OVER MOUNTAINS and frozen wastes, Vibeke trudged through the snow. It crunched with every step and built up before her, so deep that sometimes she had to sidestep the growing mass. She let it collect over and over out of apathy. She didn’t feel it through her Thaco armor’s fur, but she existed in those days in a constant state of frozen cold, body and mind.

She tried as hard as she could not to think. It was difficult in the near absolute silence, the muffling snow. She inevitably failed to clear her mind and focus on the vast unbroken surface, sparkling day and night even under the thick clouds.

The cloud cover was almost as bright at night as it was by day. After the sun set behind the dull gray sky, it began to glow like the fog atop a vast city. But there were no artificial lights. No city had lit up at night for weeks now. No net link had blinked. The power stations had been the first targets. Quark inversion plants, nuclear plants, geothermal wells, even solar intakes were annihilated.

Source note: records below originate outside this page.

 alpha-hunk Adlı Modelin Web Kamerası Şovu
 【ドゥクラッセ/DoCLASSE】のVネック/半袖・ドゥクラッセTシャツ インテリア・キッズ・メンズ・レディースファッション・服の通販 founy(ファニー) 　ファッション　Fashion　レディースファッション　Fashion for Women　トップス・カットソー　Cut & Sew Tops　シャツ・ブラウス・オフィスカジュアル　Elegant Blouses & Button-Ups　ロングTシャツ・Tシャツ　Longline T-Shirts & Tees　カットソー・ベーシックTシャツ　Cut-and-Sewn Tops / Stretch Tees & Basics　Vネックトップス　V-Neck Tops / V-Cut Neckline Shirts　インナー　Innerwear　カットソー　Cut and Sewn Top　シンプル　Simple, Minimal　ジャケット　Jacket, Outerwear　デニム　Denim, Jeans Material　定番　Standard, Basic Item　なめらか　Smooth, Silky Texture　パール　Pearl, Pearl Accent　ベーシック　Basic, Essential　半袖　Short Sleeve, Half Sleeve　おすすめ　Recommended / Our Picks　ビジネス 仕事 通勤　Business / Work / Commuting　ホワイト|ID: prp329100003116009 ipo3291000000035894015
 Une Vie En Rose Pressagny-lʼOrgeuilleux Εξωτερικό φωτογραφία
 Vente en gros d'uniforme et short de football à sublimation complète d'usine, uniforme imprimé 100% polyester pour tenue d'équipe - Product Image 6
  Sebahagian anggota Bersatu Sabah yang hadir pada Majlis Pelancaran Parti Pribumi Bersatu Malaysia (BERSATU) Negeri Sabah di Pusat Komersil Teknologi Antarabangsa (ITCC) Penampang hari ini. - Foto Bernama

Some batteries still held a charge. Anything plated in Valhalla gold was functional: her armor, her microwave, her Tikari, and the other Tikari. The Tikari that followed her like an unwanted puppy. With all the radiation in the air, it would never need to recharge. It would follow her for the rest of her life, and then…. The thought sickened her.

She thought about microwaving it a hundred times. Or sending her own to kill it, or smashing it with her boot the next time it landed on a rock. Sometimes she felt Violet’s stare emanating from its eyes. The violating stare she was so averse to seeing from her. In those moments she was sure Violet was watching her through it. That only made her miss Violet more. She had craved another month of nothingness in which they could talk, link back and forth like the trip to Mars. Finally she had it, and Violet wasn’t there. The link was offline.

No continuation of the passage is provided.